ABR Midwest 30K TT Championships
August 22, 2009 – Garden Prairie, IL
Masters 30+ – 3rd – 42:11.58
290 watts – 26.3 MPH

“Turnaround…” For some reason, I got Bonnie’s Tyler’s 80’s hit “Total Eclipse of the Heart” stuck in my head after my race today.  You know, that one that goes, “Turnaround, every now and then I get a little bit lonely and you’re never coming around.” What? It’s now stuck in your head. Well, don’t blame me. Actually, I have no one to blame but myself for blowing the turnaround at the ABR Midwest TT Championships today and missing out on first.

I’ve ridden the Garden Prairie course several times before, but primarily as a 40K course. The turnaround, whether it’s a 30K or 40K, is “normally” about a half mile down Harmony Riley Rd from the I-90 overpass.  Notice, I said “normally”. This was a classic case of why you always check for course changes before your race no matter how many times you’ve ridden the course. Even in last year’s race, the turnaround was at the base of the overpass.  See what you get for just assuming things are the same!

I was really jacked for this race, since I would have had about a month between the Double Bong TT and the IL State TT championships.  Not that I want to race TTs every week, but they can make a big impact on your training. This last minute addition to the race calendar was a nice surprise.  Work had been stressful the week before and my training had been pretty lousy.  This was a good chance to unleash some anger on the course.

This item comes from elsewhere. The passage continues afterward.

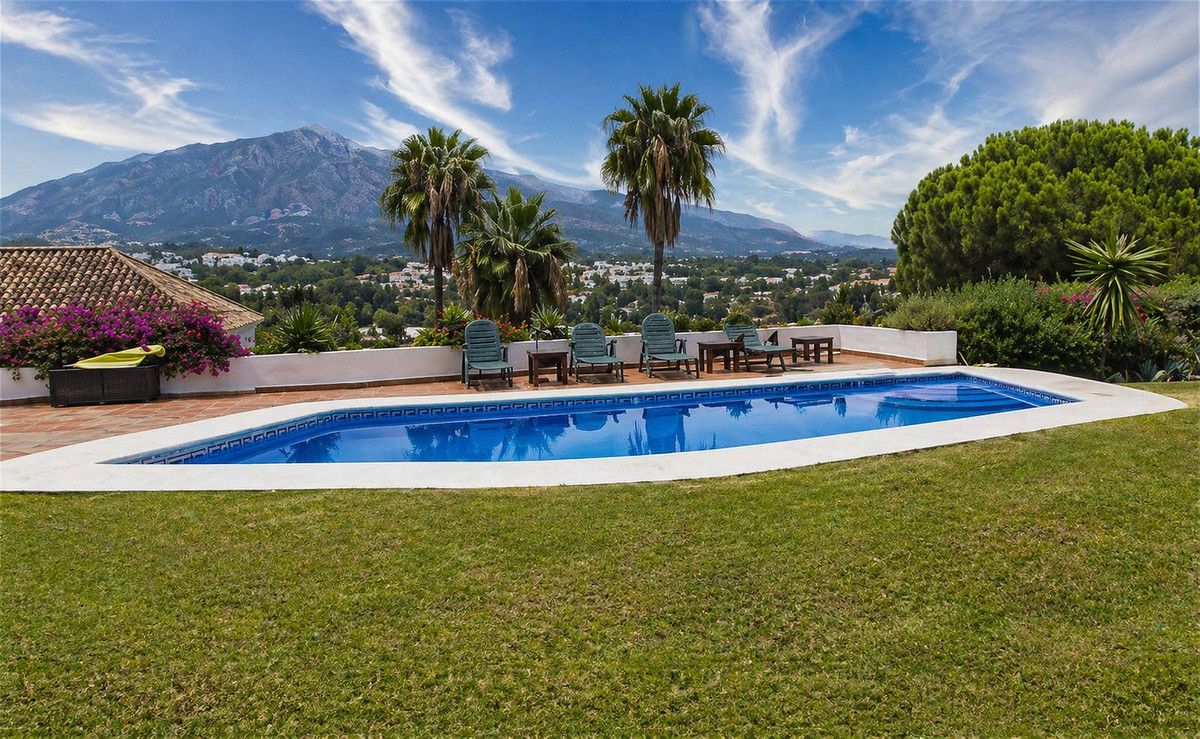Fristående villa i Nueva Andalucía, Nueva Andalucía, 5/11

The weather was great for racing.  Temps were in the mid-60s with partly cloudy skies.  The wind wasn’t too bad.  It was 10-15 MPH out of the NW, which only made for a mentally challenging return trip.  My plan was to go steady on the way out, then hammer on the way home. I got a good warm-up in and my legs were set to go from the start.

I usually don’t go bonkers with my effort when I have a tailwind, but I found myself right at threshold power on the way out.  I was pleasantly surprised, because I tend to be mentally stronger with a headwind. Coming up to the I-90 overpass, I was a little confused about why there was a course marshall at the top of the bridge.  Hmmm.  I blew past the cones, but slowed to try and hear what he was saying.  Oh, that’s the turnaround!  Crap.  I was in 54-16 and had to turnaround, then grind my way  back uphill.  I wasn’t in a bad mood, since I didn’t think I would be racing for first in my category. I even joked with the marshal that I was just going for “extra credit”. Yep, well, had I known how close I might have been at the end…

My ride back was fairly strong.  I might have gone out a harder than I anticipated, since I saw a slight drop in power.  The return trip was entirely a mental game.  The wind wasn’t too strong, but I could tell some racers might have given up since it was enough to demoralize you.  I ended up crossing with a time of 42:11.58.  I was hammering the last couple of kilometers because I wanted to break 42 minutes.  Had I not screwed up the turnaround, I probably would have.  Oh, yeah, so how much did that turnaround affect me?

I thought a visual explanation might make things easier to understand…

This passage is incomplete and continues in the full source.